◆ Prompt ◆
Print every record below exactly, minus the pictures.

== Segment start ==

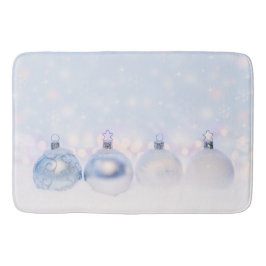 Tapis De Bain Festif boules de Noël en argent sur la neige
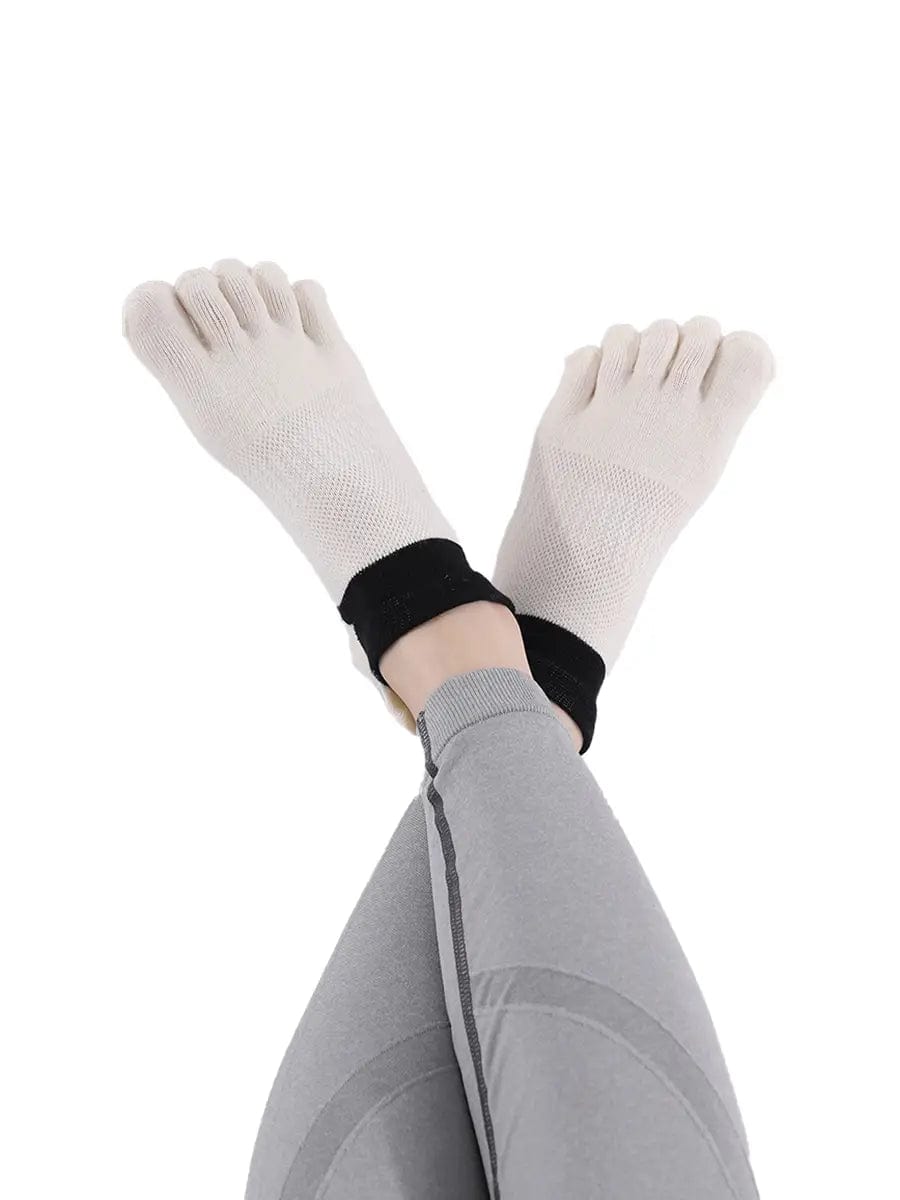 Cotton Low Cut Five Finger Socks for Women, beige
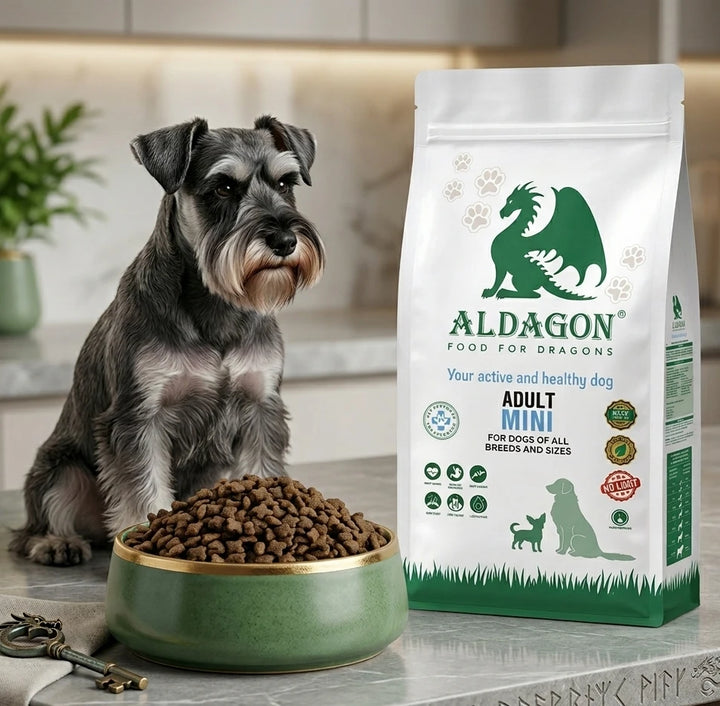 "Aldagon - food for dragons" Adult MINI — Small kibble for all dog breeds, supports joints and the skeletal system, with salmon, probiotics and prebiotics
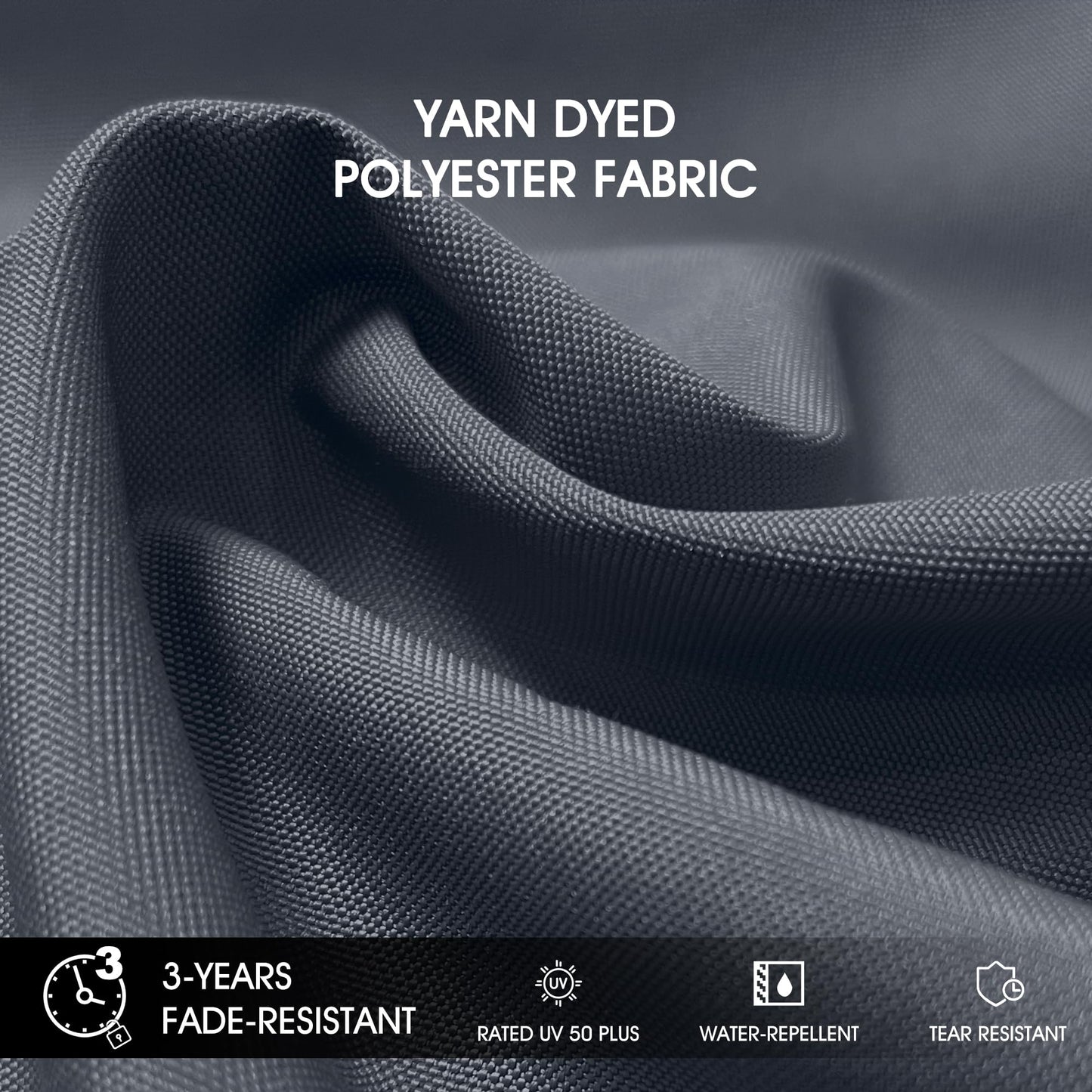 PURPLE LEAF 3 X 3 M Garden Cantilever Parasol, Large Square Overhanging Patio Umbrella with Crank Handle and Tilt for Balcony and Outdoor, Gray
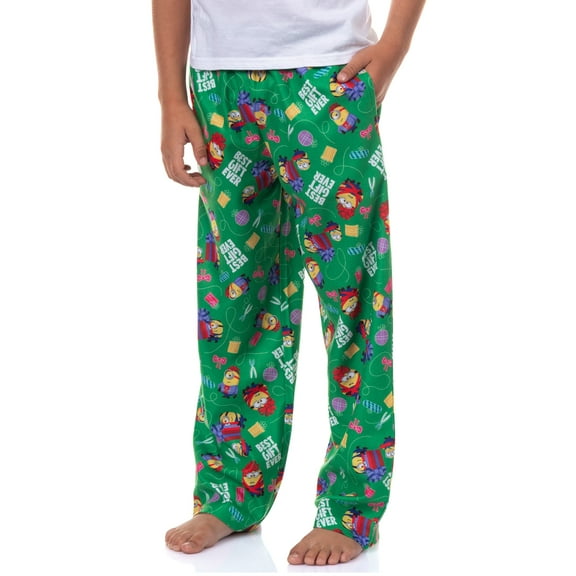 Minions Pajamas Boys' Best Gift Ever Flannel Kids Lounge Sleep PJ Pants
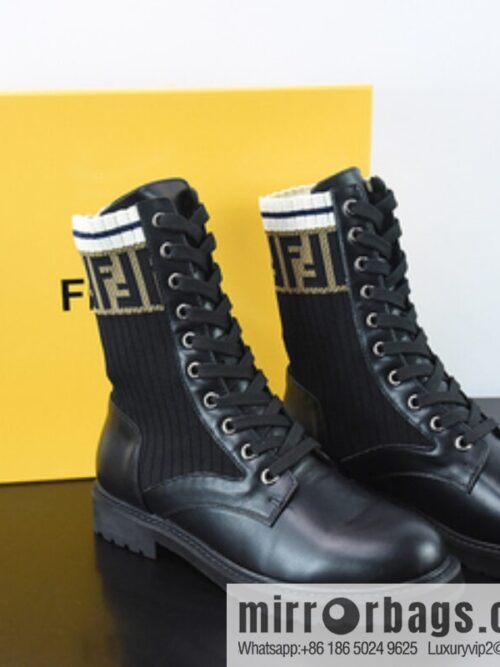 Fendi knit stretch martin boots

== Segment end ==

◆ Answer to the problem ◆
 Tapis De Bain Festif boules de Noël en argent sur la neige
 Cotton Low Cut Five Finger Socks for Women, beige
 "Aldagon - food for dragons" Adult MINI — Small kibble for all dog breeds, supports joints and the skeletal system, with salmon, probiotics and prebiotics
 PURPLE LEAF 3 X 3 M Garden Cantilever Parasol, Large Square Overhanging Patio Umbrella with Crank Handle and Tilt for Balcony and Outdoor, Gray
 Minions Pajamas Boys' Best Gift Ever Flannel Kids Lounge Sleep PJ Pants
 Fendi knit stretch martin boots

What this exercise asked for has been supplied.